True Marketing Strategy: We’re Consultants, Not Tacticians

If you asked me to start a restaurant and I’m a pub specialist, guess what? I’ll immediately start looking for local craft microbrews, expensive food, and a repurposed old building. If you’re a “grown up” businessperson, my tactical pub approach probably raises a red flag. Why?

You’d want me to backtrack. Where is the restaurant located? What kinds of potential customers live nearby? What’s the market opportunity? Could it involve possibilities other than pubs?


Those questions come from a consultant mindset. But we’re not thinking like consultants when email marketing agencies see every problem as needing an email marketing solution; or paid search agencies think every problem can be solved with paid search.
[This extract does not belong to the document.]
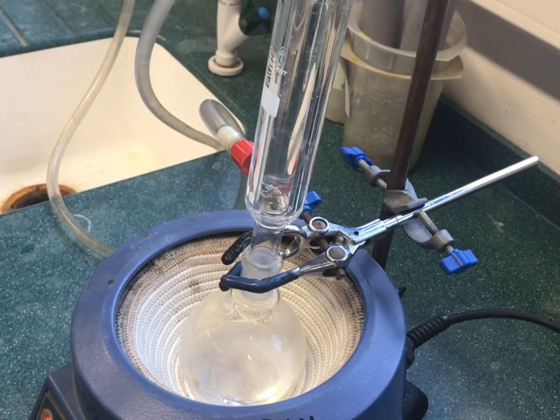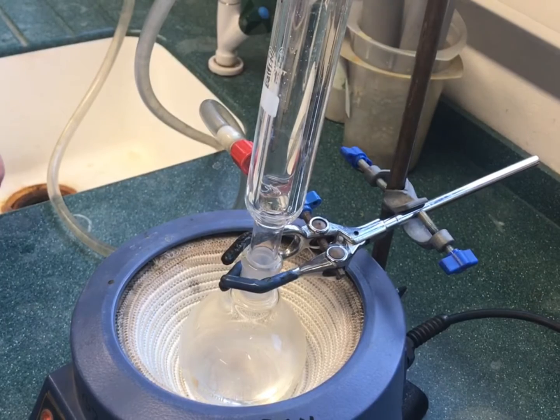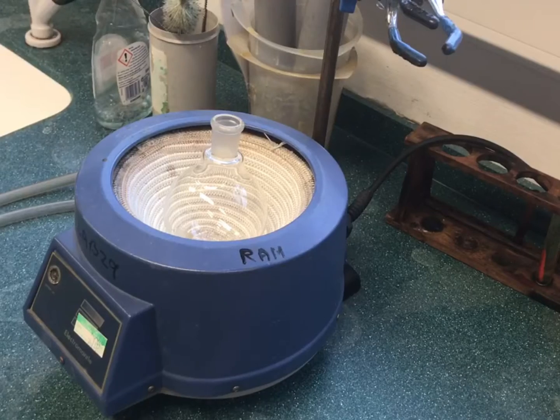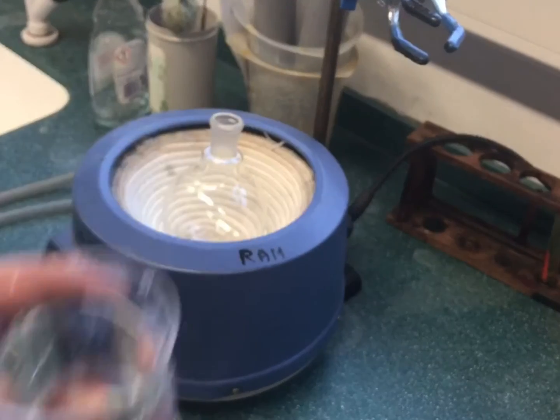Heating under reflux is required when a reaction requires continual heating for an extended period of time to occur. Refluxing allows the reaction mixture to be heated without loss of reagent through boiling. Gases produced are condensed back into the reaction mixture.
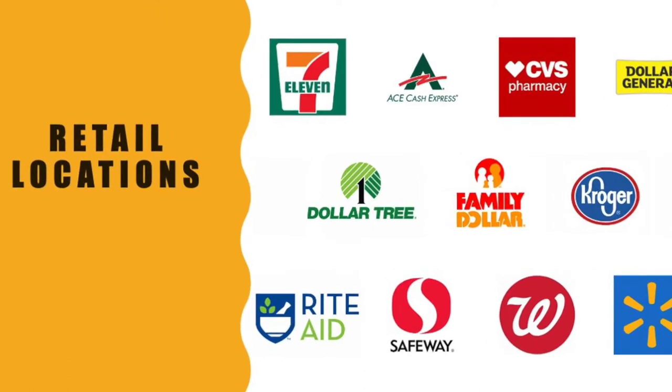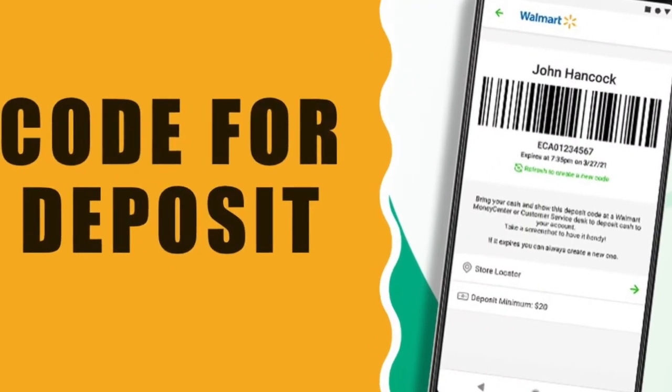You can deposit cash at approved retail stores like Walmart and CVS. Use the Green Dot mobile app to find participating reload locations near you. Generate a special code on your mobile phone and show it to the cashier. Give cash and it should be available on your balance within minutes. The barcode can expire, so don't generate it too early.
And for organizations that hire these agencies to solve actual business problems, it’s frustrating as hell.


That’s why it’s important for marketing agencies to think strategically first.
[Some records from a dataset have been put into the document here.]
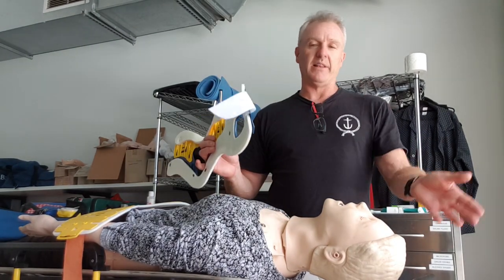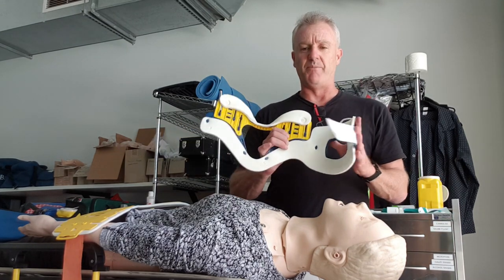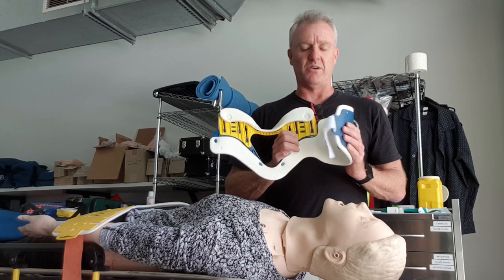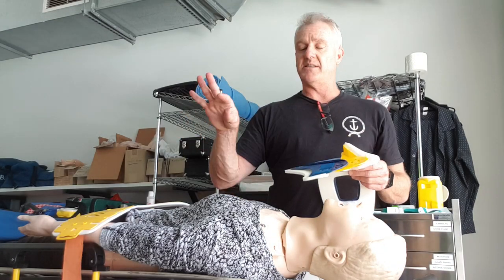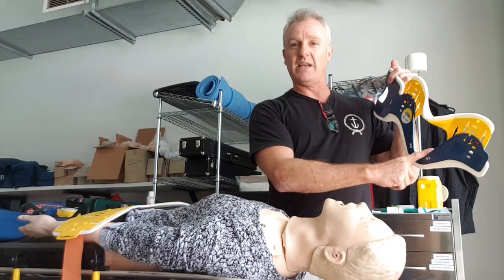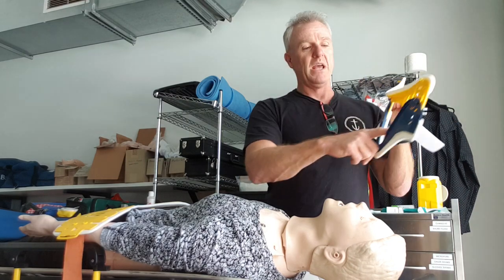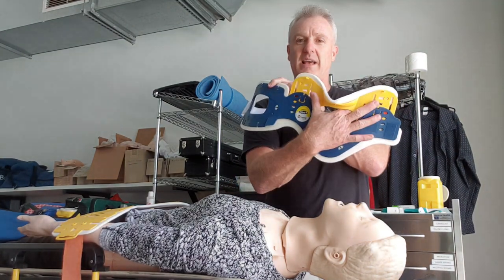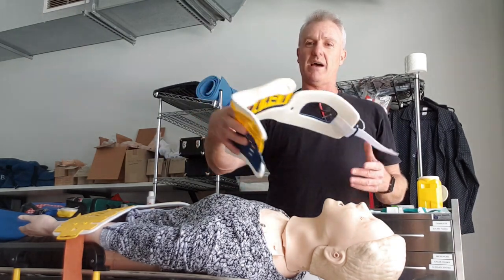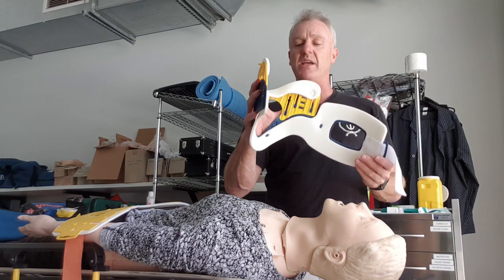When you go to apply the collar, let's take it for granted that someone's supporting my patient's C-spine. Give the back a little bit of a bend or mould it, so it goes on in the manner that it's designed to. I like to stick my index finger through the large hole, and my other three fingers around the front. I hold it almost like a puppet — that gives me control of the collar.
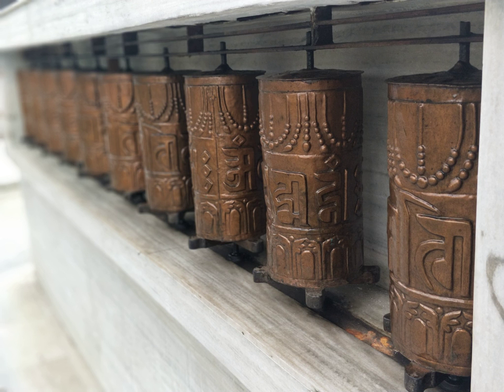Prayer wheel, or Mani wheel, in Tibetan is "Mani Chos Khor". The Tibetan term is a contraction. Mani itself is a contraction of Sanskrit Chintamani. Mani Chos is Tibetan for Dharma, and Khor or Khorlo means Chakra.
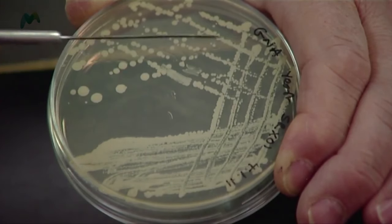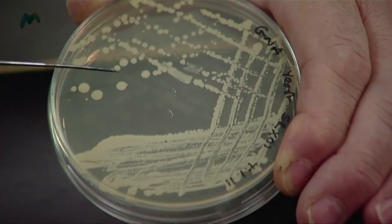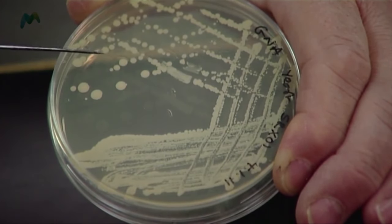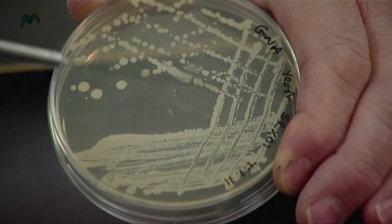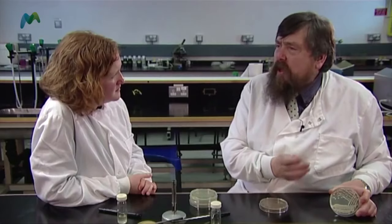I've got some cultures that I streaked out before. If you look at this culture, you can see it's been streaked out, and around here we've got colonies — each one of those colonies has derived from a single cell. If you look carefully, they all look very similar in colour and size, and we can make a good estimate that it's a pure culture.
How? The key way to evolve our roles as marketing agencies is to serve as business consultants. What does that mean?

  • We need to analyze an organization’s marketing challenges holistically—first. That means not necessarily selling your own services out of the gate and sometimes making recommendations that go against what you offer.

  • We need to talk business, not tactics. Is your marketing agency asking questions about margins on product sales? Details about the average customer lifecycle? Or are you sticking with tactical questions that don’t get to the heart of a business problem?
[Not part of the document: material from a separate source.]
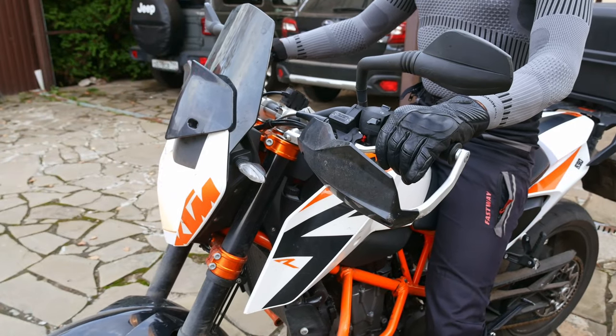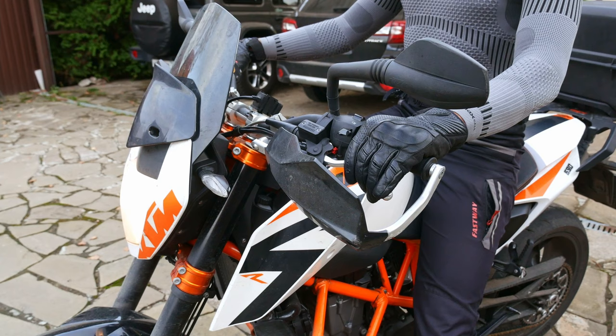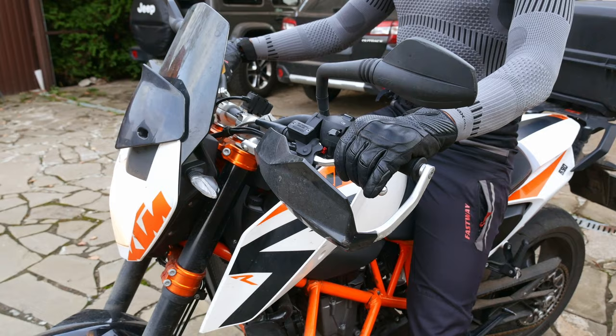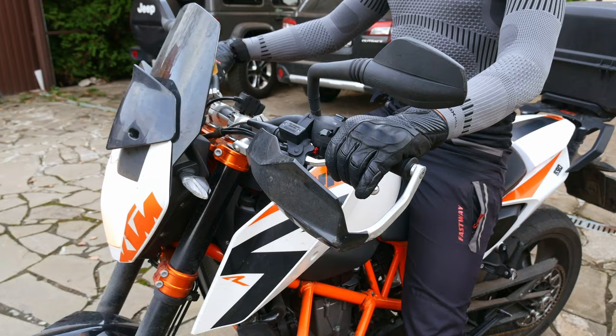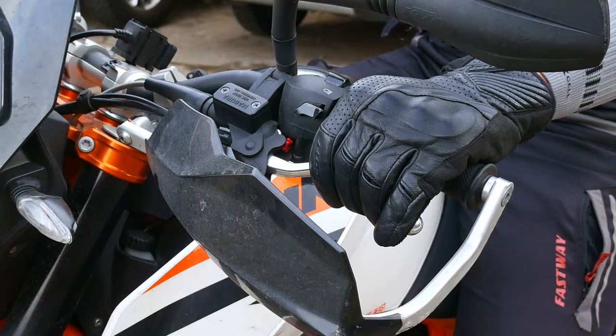A very common mistake I often see people make is pulling the clutch all the way in when shifting or doing slow-speed riding. Once you start releasing the clutch, it begins to engage at a certain point — the biting point — and releasing it more pulls you forward more. The entire area from the clutch fully pulled in to the biting point does nothing; your clutch is disengaged throughout that whole range.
  • We need to make specific recommendations that directly impact business goals and the bottom line. In other words, what best drives sales, optimizes conversions, and increases operational efficiencies?


Long ago, I heard Robert Scoble tell a story about working in a camera shop. He often sent customers to other camera shops when he couldn’t offer a customer the best solution. That seems like the worst sales and marketing strategy ever. But guess what? His customers kept coming back—and yes, they bought from Robert Scoble’s camera shop. A lot. More than even his competitors where he often sent them.


Similarly, we get the big strategic questions from clients about major business decisions related to marketing—even when these companies work with dozens of other marketing agencies. Why do we get those calls? Because they see us as the experts—the business consultants who happens to be marketing specialists—who look at marketing holistically like a businessperson.


This is what a marketing agency is supposed to do. And we challenge our industry to start acting like consultants. We need to up our game. Get rid of your fear about selling a specialized service and start asking the questions no one else asks.


It’s okay to remain tactical marketers—as long as you’re upfront about it. But if you bill yourself as a true strategic marketing agency, you need to aim higher.